HAMEG

HAMEG Instruments GmbH is a German, belonging to the Rohde & Schwarz group companies to develop and manufacture of laboratory instruments ( such as oscilloscopes ), headquartered in Mainhausen.

History

The company was founded in 1957 by Karl Hartmann in Frankfurt am Main under the name Hameg GmbH. The name is derived from Hartmann- measuring instruments. The first product was a 5 - MHz single-channel oscilloscope. The company's founder retired in 2005, for reasons of age, and sold the company to Rohde & Schwarz. The name was changed to Hameg Instruments GmbH.

At that time entertained HAMEG offices in Chemnitz ( Oszilloskopeentwicklung ) and Münchenbernsdorf ( PCB Assembly ), as well as a sales subsidiary in France ( HAMEG France Sarl ). The end of 2010 HAMEG gave up the manufacturing sites Mainhausen and Münchenbernsdorf and produced since the Rohde & Schwarz Vimperk plant in the Czech Republic. Other parts of the business such as development ( Main Hausen and Chemnitz), product management, sales, customer service and quality assurance remained independent.

Since 2012, Hameg products are also sold through the distribution network of Rohde & Schwarz. Since then, the product logo is used, which makes the membership of Rohde & Schwarz clearly.

Products

Among the products of HAMEG include analog oscilloscopes, mixed signal oscilloscopes (MSO ), spectrum analyzers, function generators, RF generators, classic bench power supplies, programmable power supplies and modular laboratory measurement components. The company primarily serves the lower market segment and is therefore especially in electronics laboratories, production monitoring, but also in schools and universities represented.

In the area of ​​Oscilloscopes one was very long convinced of the advantages of analog technology at HAMEG. So HAMEG wrote in 2004 at the launch of a new series of so-called CombiScopes - ie devices that have both an analog and a digital mode - that " DSOs [ ... ] basically analog oscilloscopes can not replace " can. 2007 built HAMEG with the HM2008 - as on the adjacent picture to see - an oscilloscope that included both an analog and a digital part and mixed-signal functions ( 4 digital channels).

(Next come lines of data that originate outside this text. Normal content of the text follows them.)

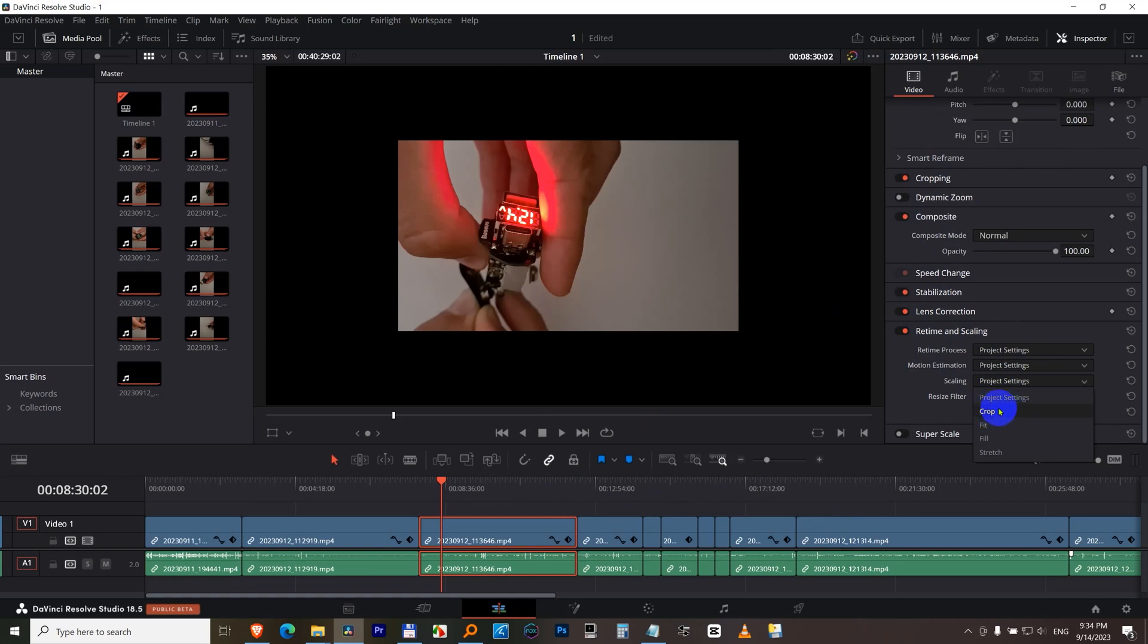And after clicking on crop, the side will be stretched out to this portion and the fingers will be visible. Crop and the video is perfectly fit to the edge.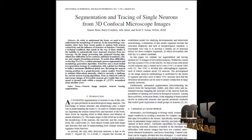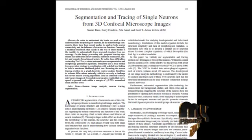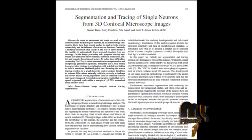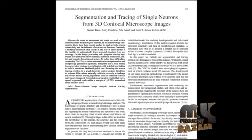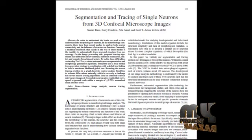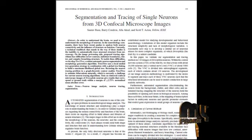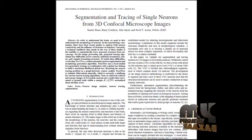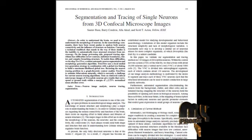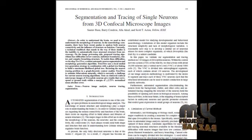The binary image is segmented by the Heisman-based method. This method determines whether each pixel belongs to the neuron structure. If it belongs to the neuron, the pixel is marked as 1; otherwise it is marked as 0.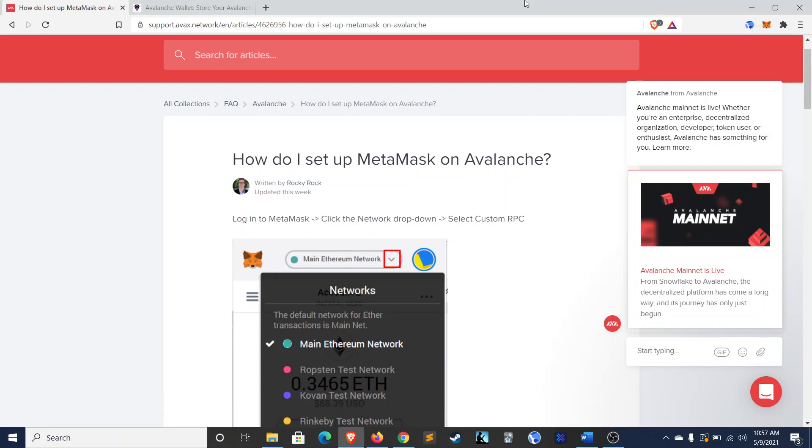What's happening guys? Welcome to Dynamo DeFi. My name is Patrick. This is my first video and today I'm going to show you how to set up your MetaMask wallet to connect to the Avalanche network and how to deposit AVAX tokens in your MetaMask wallet.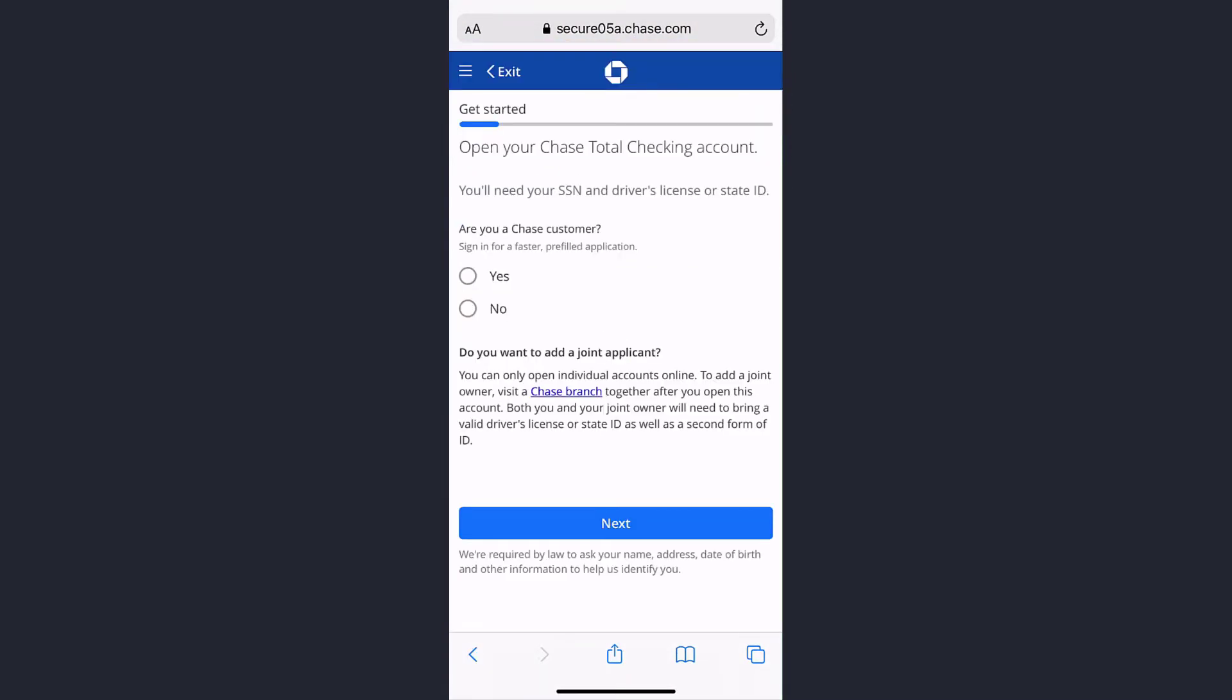Now it will ask you whether you are a Chase customer or not. If you are, tap yes, but if you are not, tap no and then tap next.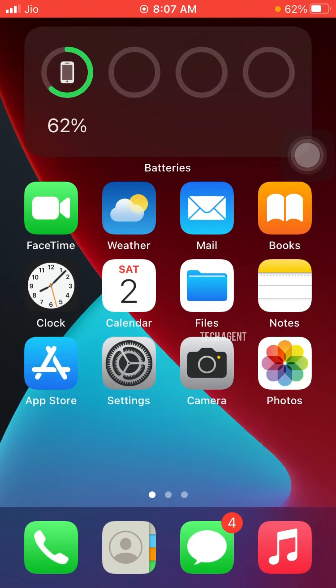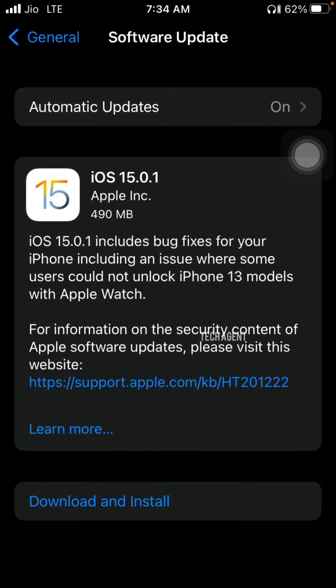Hello everyone. In this video, iOS 15.0.1 has finally been pushed. However, we have to face some bugs in iOS 15.0.1.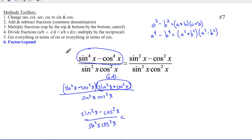I hope this helps. I know it was a little long, but there are six or seven different methods you can put in your toolbox, and hopefully these help you out in solving your trig proofs. Good luck, and we'll see you Friday.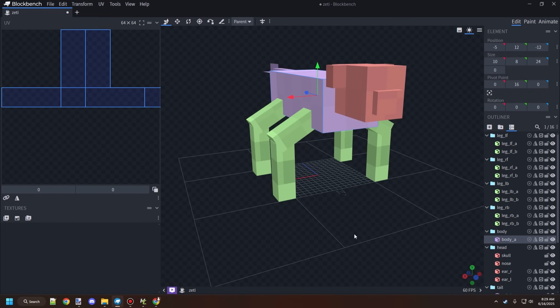Welcome back to another M Crater team density tutorial. Today we're going to be covering the UV map for Blockbench and texturing tips. We're not actually going to be looking at pixel art.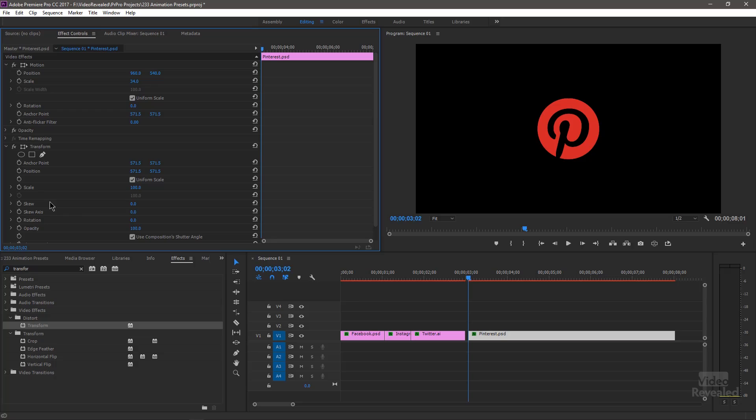So if Transform controls the animation and Motion controls the position, anchor point, and scale, then I can bring in any animation, put my logo anywhere, and still use the animation. So let's go over and do this.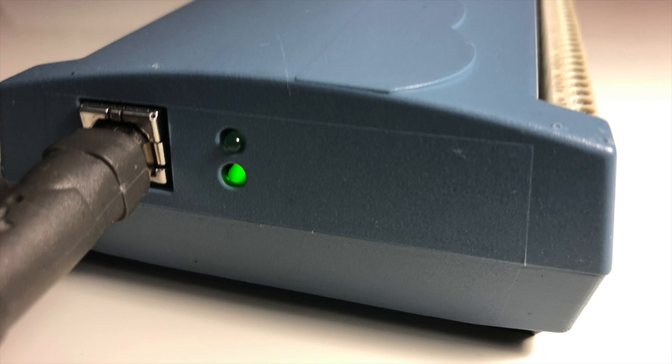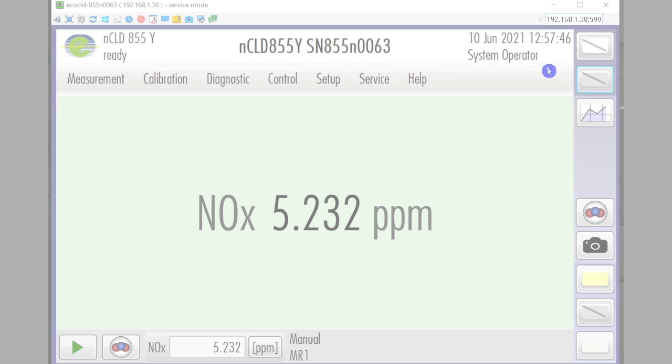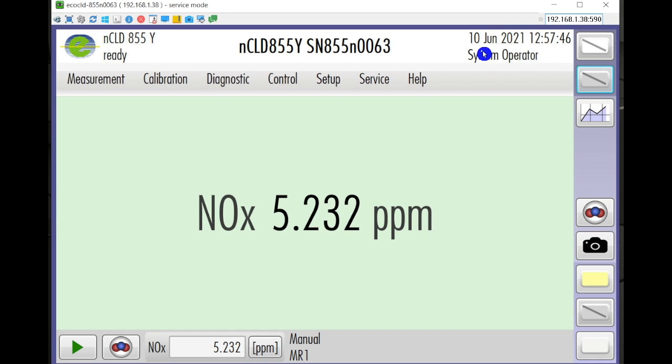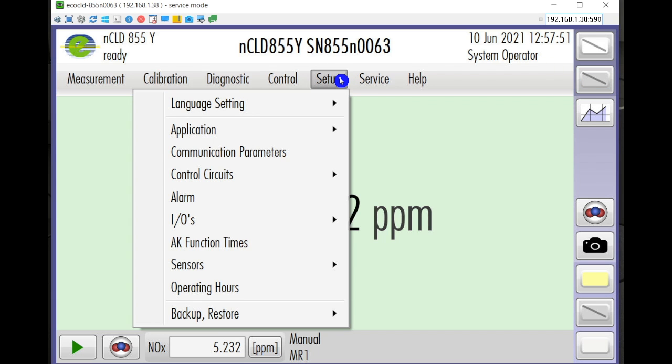Before doing anything, make sure to stop any measurements and log in as a system operator. Click on the setup menu, choose IOs and then analog output.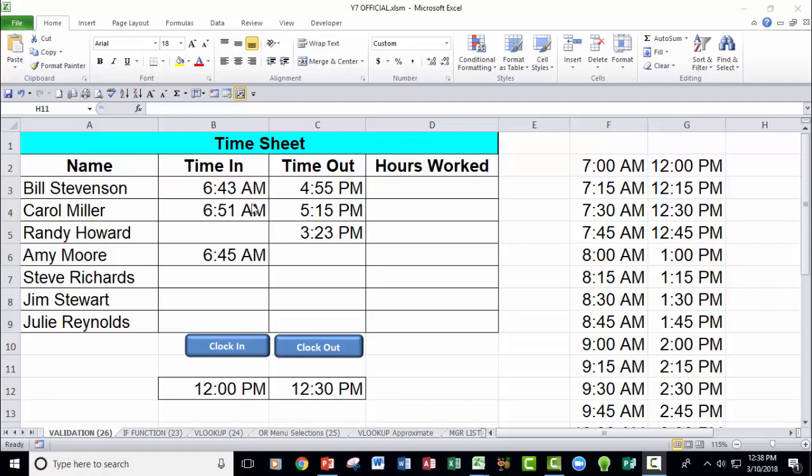What I have here is a time sheet. The way I present this when I teach a live Excel class is that when people first join our company for a very short period of time, about a week, they just put in their time in and their time out, their hours are calculated until they're actually up on our timekeeping system where they can use time cards like everyone else.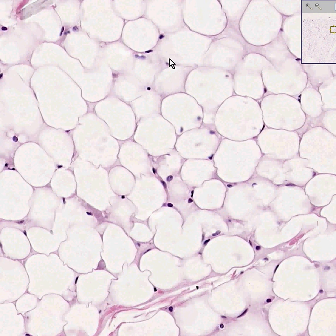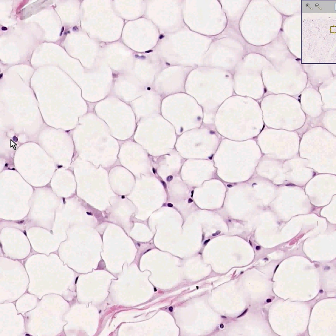So that's probably an adipocyte nucleus. That probably is. That could very well be. Perhaps that's a lymphocyte. Perhaps that's another round cell like a lymphocyte or a macrophage.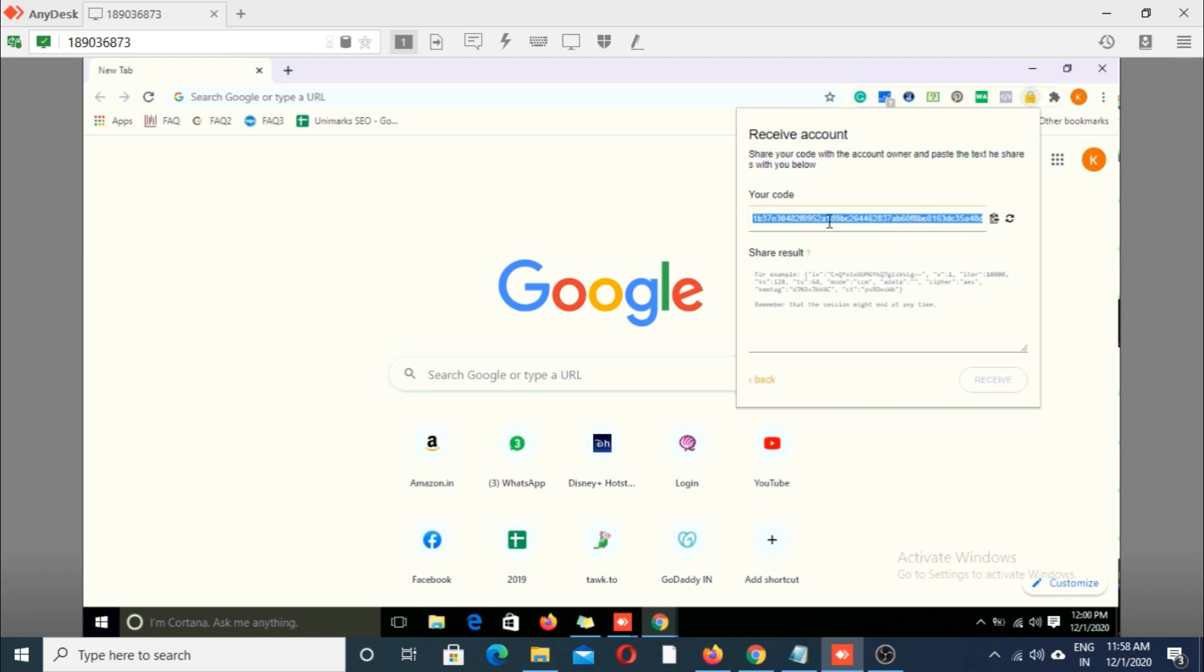You can transfer this code to Google Hangouts or WhatsApp or Telegram.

The end of 2008 HAMEG presented at the electronica fair in Munich, the first true digital Oscilloscope with TFT screen. These devices, like all then featured devices on mixed-signal functions ( 8 or 16 digital channels), and the ability to decode serial buses such as I2C, SPI, CAN and LIN. For devices with TFT screen HAMEG skipped so that the generation of the classic, pure DSOs without MSO functions. 2012 had HAMEG eleven MSO units and an analog oscilloscope in the range. In the fall of 2012 HAMEG announced its wish to no analog oscilloscopes more soon. Among other things, there are problems in the procurement of cathode ray tubes have played a role. In February 2013 HAMEG presented at the trade fair Embedded World in Nuremberg, a new mixed-signal oscilloscope series with up to 500 MHz bandwidth before; the bandwidth can be limited artificially in these devices by software license.